Limitations of Use: YESCARTA is not indicated for the treatment of patients with primary central nervous system lymphoma.

  • Adult patients with relapsed or refractory follicular lymphoma (FL) after two or more lines of systemic therapy. This indication is approved under accelerated approval based on response rate. Continued approval for this indication may be contingent upon verification and description of clinical benefit in confirmatory trial(s).
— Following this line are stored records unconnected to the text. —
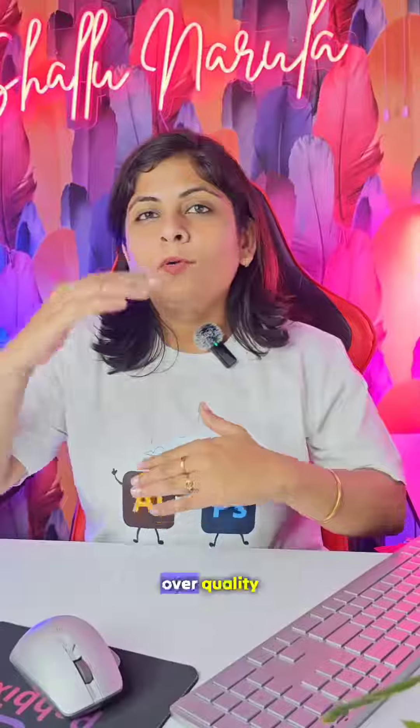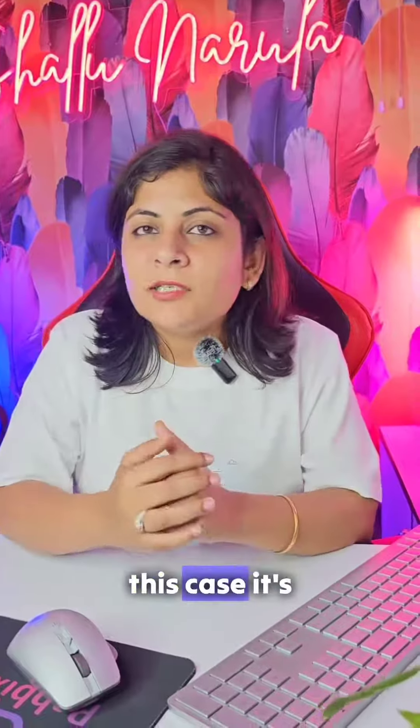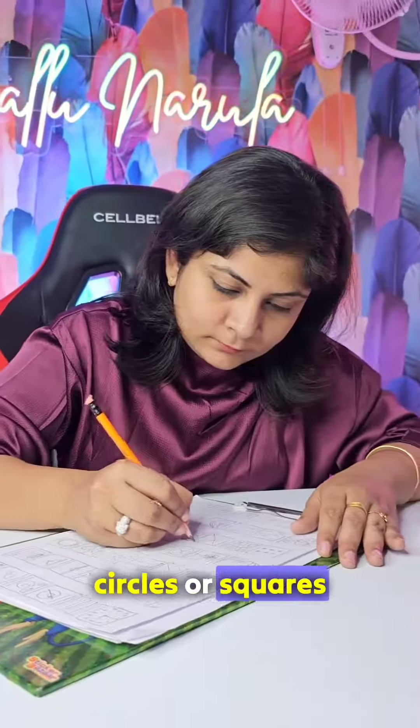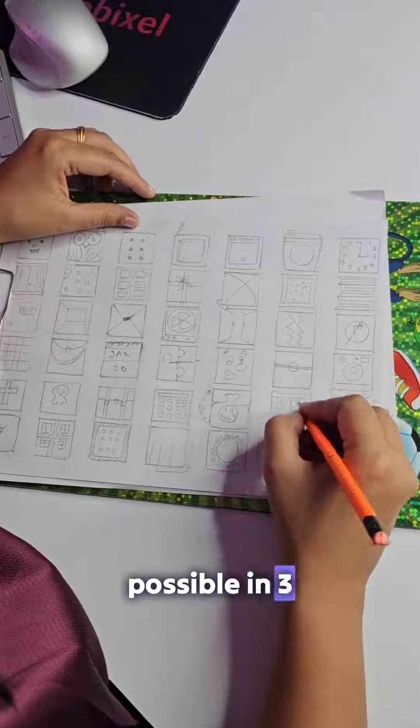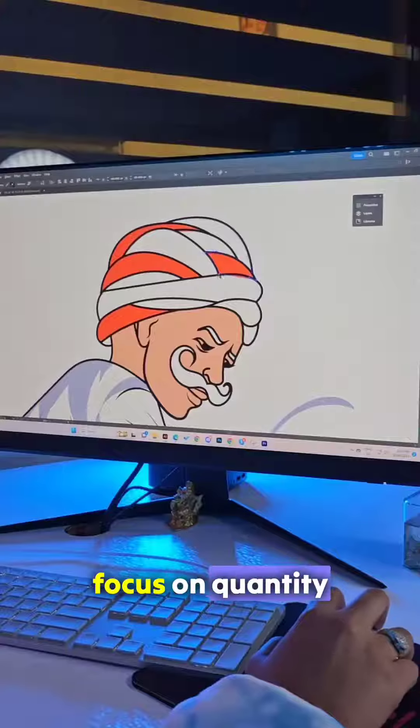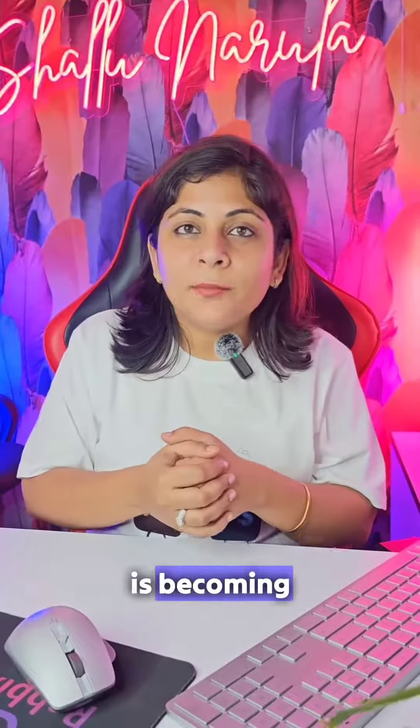Number two: go for quantity over quality. Most of the time you've heard quality over quantity, but in this case it's the opposite. For example, you can draw 30 circles or squares in 3 minutes and fill as many squares as possible. Focus on quantity and not quality, and you yourself will see how creative your mind is becoming.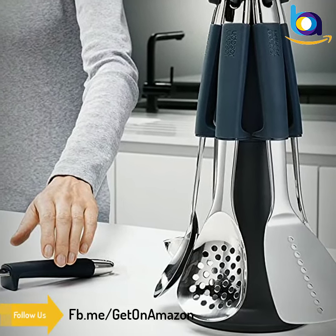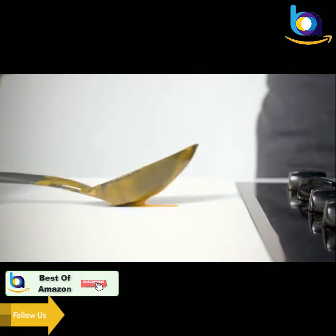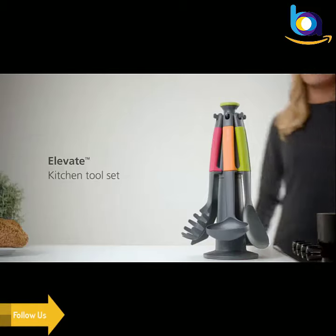Elevate kitchen utensils are designed to improve hygiene and reduce mess. Weighted handles and integrated tool rests prevent tool heads from touching the countertop when placed down.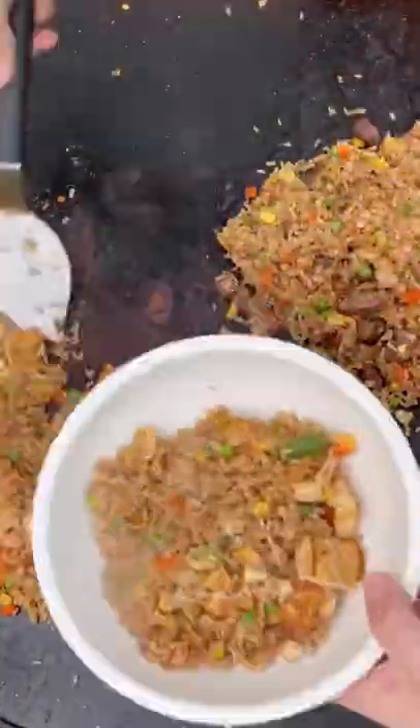Scoop these into two separate bowls, clean up the griddle, which you can see is so easy, and we're ready for dinner.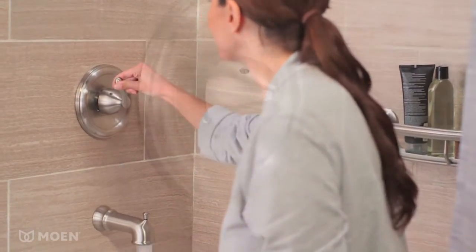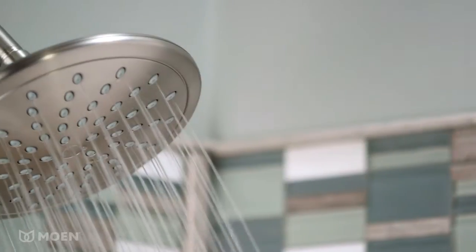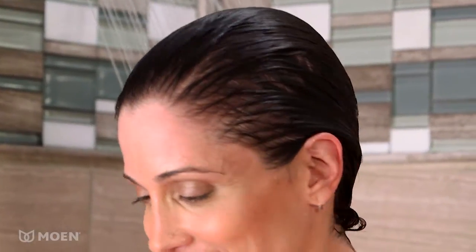With its organic natural lines, the Moen Varese Tub and Shower Faucet is perfect for a range of bathroom decors. The generously sized 8-inch rain shower provides an all-over spray that's truly invigorating.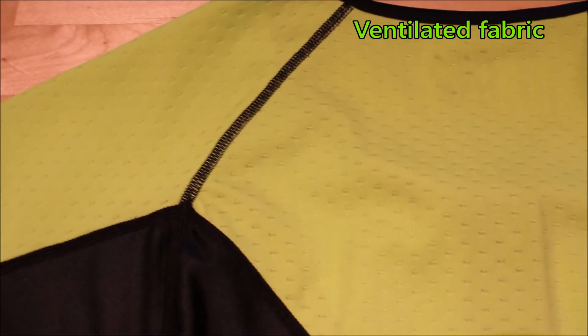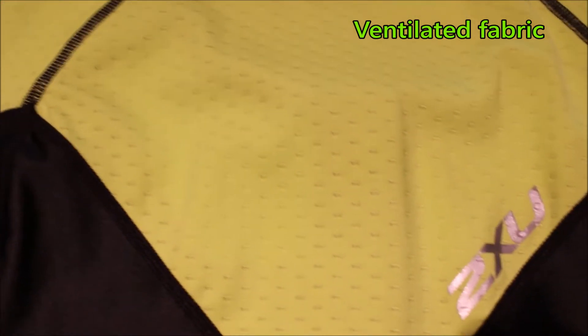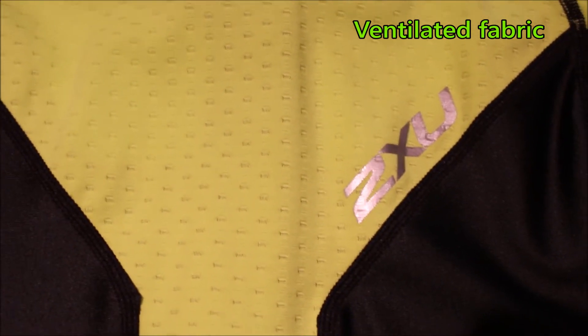You'll notice the fabric has small indents, which are designed to keep the suit from sitting flat on your skin, and it effectively provides cooling. These fibers have what they call an ICE-X technology, which helps enhance cooling, and they also reflect UV light. So this garment will not absorb heat from the sun.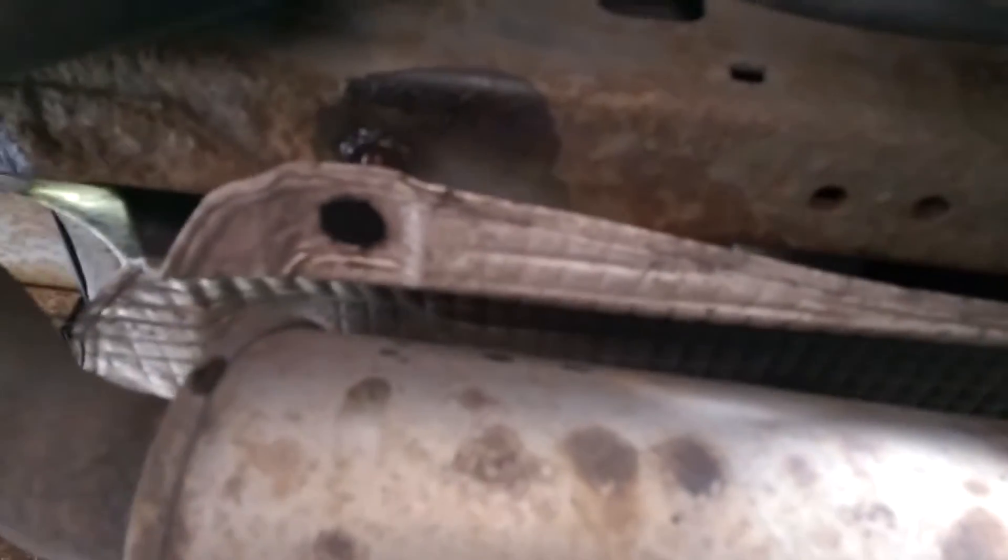Today on the Chrysler Grand Voyager 2.8 CRD we have a heat shield that has dropped. As you can see this is the exhaust back box leading to the back of the car. What's happened is the heat shield has obviously dropped and ripped through.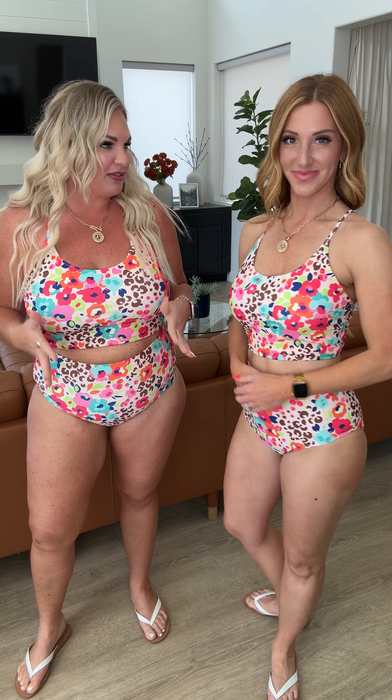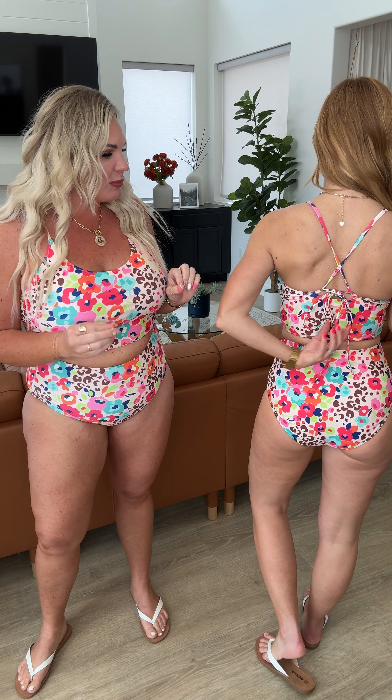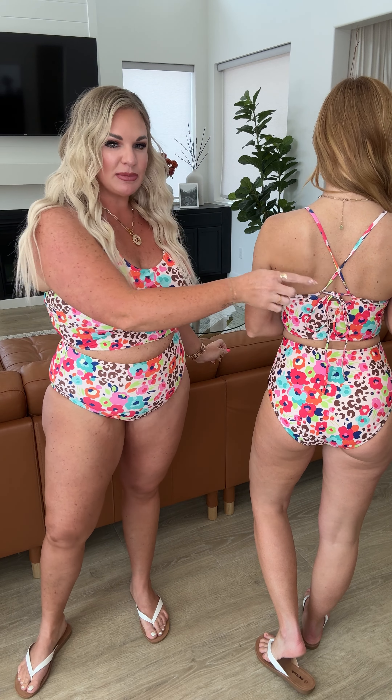Both the top and the bottom are fully lined in both the front and the back. You have a shelf bra in the top with removable pads, adjustable straps, which is really nice, and high-waisted bottoms.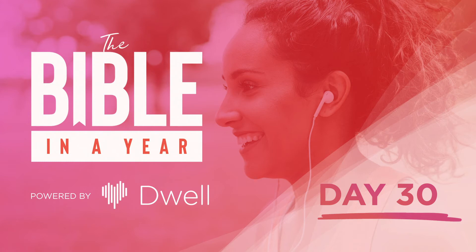From the blue and purple and scarlet yarns they made finely woven garments for ministering in the holy place. They made the holy garments for Aaron as the Lord had commanded Moses. He made the ephod of gold, blue and purple and scarlet yarns, and fine twined linen. And they hammered out gold leaf and cut it into threads to work into the blue and purple and the scarlet yarns and into the fine twined linen in skilled design. They made for the ephod attaching shoulder pieces, joined to it at its two edges. And the skillfully woven band on it was of one piece with it, and made like it of gold, blue and purple and scarlet yarns, and fine twined linen, as the Lord had commanded Moses.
U.S. IMPORTANT SAFETY INFORMATION
BOXED WARNING: CYTOKINE RELEASE SYNDROME AND NEUROLOGIC TOXICITIES

  • Cytokine Release Syndrome (CRS), including fatal or life-threatening reactions, occurred in patients receiving YESCARTA. Do not administer YESCARTA to patients with active infection or inflammatory disorders. Treat severe or life-threatening CRS with tocilizumab or tocilizumab and corticosteroids.
  • Neurologic toxicities, including fatal or life-threatening reactions, occurred in patients receiving YESCARTA, including concurrently with CRS or after CRS resolution. Monitor for neurologic toxicities after treatment with YESCARTA. Provide supportive care and/or corticosteroids as needed.
  • YESCARTA is available only through a restricted program under a Risk Evaluation and Mitigation Strategy (REMS) called the YESCARTA and TECARTUS REMS Program.

CYTOKINE RELEASE SYNDROME (CRS)
CRS, including fatal or life-threatening reactions, occurred. CRS occurred in 90% (379/422) of patients with non-Hodgkin lymphoma (NHL), including ≥ Grade 3 in 9%. CRS occurred in 93% (256/276) of patients with large B-cell lymphoma (LBCL), including ≥ Grade 3 in 9%. Among patients with LBCL who died after receiving YESCARTA, 4 had ongoing CRS events at the time of death. For patients with LBCL in ZUMA-1, the median time to onset of CRS was 2 days following infusion (range: 1-12 days) and the median duration was 7 days (range: 2-58 days). For patients with LBCL in ZUMA-7, the median time to onset of CRS was 3 days following infusion (range: 1-10 days) and the median duration was 7 days (range: 2-43 days). CRS occurred in 84% (123/146) of patients with indolent non-Hodgkin lymphoma (iNHL) in ZUMA-5, including ≥ Grade 3 in 8%. Among patients with iNHL who died after receiving YESCARTA, 1 patient had an ongoing CRS event at the time of death. The median time to onset of CRS was 4 days (range: 1-20 days) and median duration was 6 days (range: 1-27 days) for patients with iNHL.

Key manifestations of CRS (≥ 10%) in all patients combined included fever (85%), hypotension (40%), tachycardia (32%), chills (22%), hypoxia (20%), headache (15%), and fatigue (12%). Serious events that may be associated with CRS include cardiac arrhythmias (including atrial fibrillation and ventricular tachycardia), renal insufficiency, cardiac failure, respiratory failure, cardiac arrest, capillary leak syndrome, multi-organ failure, and hemophagocytic lymphohistiocytosis/macrophage activation syndrome.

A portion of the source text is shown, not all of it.